Lester Bagley, Vikings' vice president of public affairs and stadium development, said Tuesday that talks between team officials, state and Minneapolis leaders and the NFL have "intensified in recent days."
"There are still a couple of issues that separate us, but I think by and large the economics of an agreement are there," Bagley said. "Meaning how much does it cost? Who puts in what? What are the operating costs? Some of the major issues.
"There's nothing to announce yet, but we're all working hard. I think there's opportunity and appetite to resolve that this session."
While the issue would be far from resolved even with a proposal in front of legislators, at least they would be able to begin discussions on the topic knowing how much the Vikings, the city of Minneapolis and the state planned to contribute to a stadium that is expected to cost more than $900 million.

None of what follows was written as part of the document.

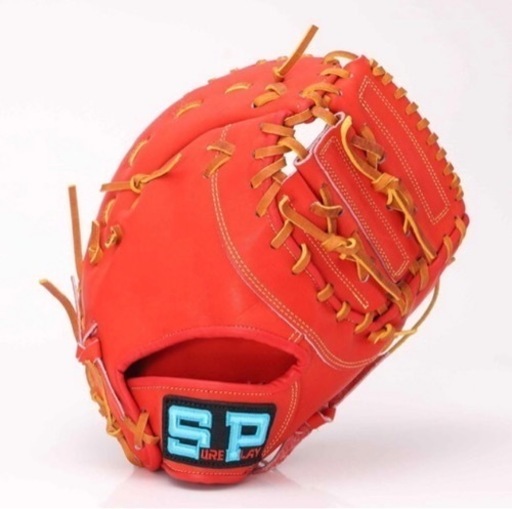 軟式ファーストミット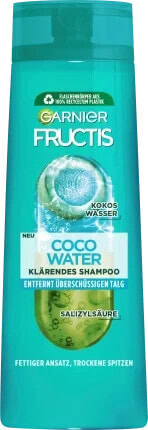 Shampoo Coco Water, 300 ml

Bagley also said Tuesday that the team will not apply for relocation with the NFL by the Wednesday deadline, meaning that even if they don't get stadium approval, the franchise will remain in Minnesota for at least one more season.
Time is of the essence if a stadium deal is going to get done in the current legislative session. This is the fourth week of what is scheduled to be a 10-week session.
Because of that time element, the proposal that will be submitted will involve building on the land where the Metrodome currently sits. All of the numbers for what that would cost have been crunched and discussed between the parties.
This comes amid growing momentum to build just east of the Metrodome in order to allow the Vikings to continue playing in their old stadium while the new one was going up.
"We're trying to bring a package forward on the current Metrodome site with the opportunity and flexibility to shift eastward," Bagley said. "It's going to have to be financially achievable.
"We've been told by legislators from both parties that any Minneapolis stadium deal is going to require legislative approval and city council support. That's what we're trying to bring forward. Something that is financially and politically achievable."
A shift eastward might make sense - that would enable the Vikings not to have to move games to TCF Bank Stadium on the University of Minnesota campus -- but many particulars of building on that adjacent land are still being examined. Getting all of that information gathered for a proposal would take too long for it to be given consideration in this session.
Building the stadium near the Metrodome, but not on that land, would enable the Vikings to do the same thing that baseball's St. Louis Cardinals did when three-quarters of the new Busch Stadium was built right near the old ballpark.
Once the last game of the 2005 baseball season was played in the old park, it was torn down and the new stadium was completed.
The Vikings haven't made it a secret that they don't want to play in TCF Bank Stadium. The team has estimated it would lose $37 million in total operating losses over three seasons if forced to play in the Gophers home stadium.
Bagley said the Vikings remain "focused" on getting a deal done in Minnesota and also won't be asking the NFL for an extension of the relocation deadline. The Vikings were considered a candidate to move to Los Angeles, but the NFL has said that city won't have a team next season.
The Vikings also have said there is another city in the mix but have refused to identify it.
The Vikings, by the way, have no plan of signing a lease extension at the Metrodome unless they get a new stadium approved. That means the team would play next season in the Dome without a lease, making them a free agent again after 2012.